Class WARC018Collection

  • All Implemented Interfaces:
    java.io.Closeable, java.lang.AutoCloseable, Collection
    Direct Known Subclasses:
    WARC10Collection

    public class WARC018Collection
    extends MultiDocumentFileCollection
    implements Collection
    This object is used to parse WARC format web crawls, 0.18. The precise Document class to be used can be specified with the trec.document.class property.

    Properties

    • trec.document.class the Document class to parse individual documents (defaults to TaggedDocument).
    • warc018collection.force.utf8 - should UTF8 encoding be assumed throughout. Defaults to false.
    • warc018collection.header.docno - what header has the thing to be used as docno? Defaults to warc-trec-id.
    • warc018collection.header.url - what header has the thing to be used as url?

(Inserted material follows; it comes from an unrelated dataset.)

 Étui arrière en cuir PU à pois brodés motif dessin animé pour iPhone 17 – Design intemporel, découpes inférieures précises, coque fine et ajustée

Defaults to warc-target-url.
    Author:
    Craig Macdonald
    • Field Detail

      • currentDocumentBlobLength

        protected long currentDocumentBlobLength
        the length of the blob containing the document data
      • warc_docno_header

        protected final java.lang.String warc_docno_header
        what header for the docno document metadata
      • warc_url_header

        protected final java.lang.String warc_url_header
        what header for the url document metadata
      • warc_crawldate_header

        protected final java.lang.String warc_crawldate_header
        what header for the crawldate document metadata
      • readLineByteCount

        protected int readLineByteCount
    • Constructor Detail

      • WARC018Collection

        public WARC018Collection()
      • WARC018Collection

        public WARC018Collection​(java.io.InputStream input)
      • WARC018Collection

        public WARC018Collection​(java.lang.String CollectionSpecFilename)
      • WARC018Collection

        public WARC018Collection​(java.util.List<java.lang.String> files)
      • WARC018Collection

        public WARC018Collection​(java.util.List<java.lang.String> files,
                                 java.lang.String TagSet,
                                 java.lang.String BlacklistSpecFilename,
                                 java.lang.String ignored)
      • WARC018Collection

        public WARC018Collection​(java.lang.String CollectionSpecFilename,
                                 java.lang.String TagSet,
                                 java.lang.String BlacklistSpecFilename,
                                 java.lang.String ignored)
    • Method Detail

      • nextDocument

        public boolean nextDocument()
        Move the collection to the start of the next document.
        Specified by:
        nextDocument in interface Collection
        Specified by:
        nextDocument in class MultiDocumentFileCollection
        Returns:
        boolean true if there exists another document in the collection, otherwise it returns false.
      • getDocid

        public java.lang.String getDocid()
        Get the String document identifier of the current document.
      • parseHeaders

        protected int parseHeaders​(boolean requireContentLength)
                            throws java.io.IOException
        Throws:
        java.io.IOException
      • readLine

        protected java.lang.String readLine()
                                     throws java.io.IOException
        read a line from the currently open InputStream is
        Throws:
        java.io.IOException
      • parseDate

        protected static final java.lang.String parseDate​(java.lang.String date)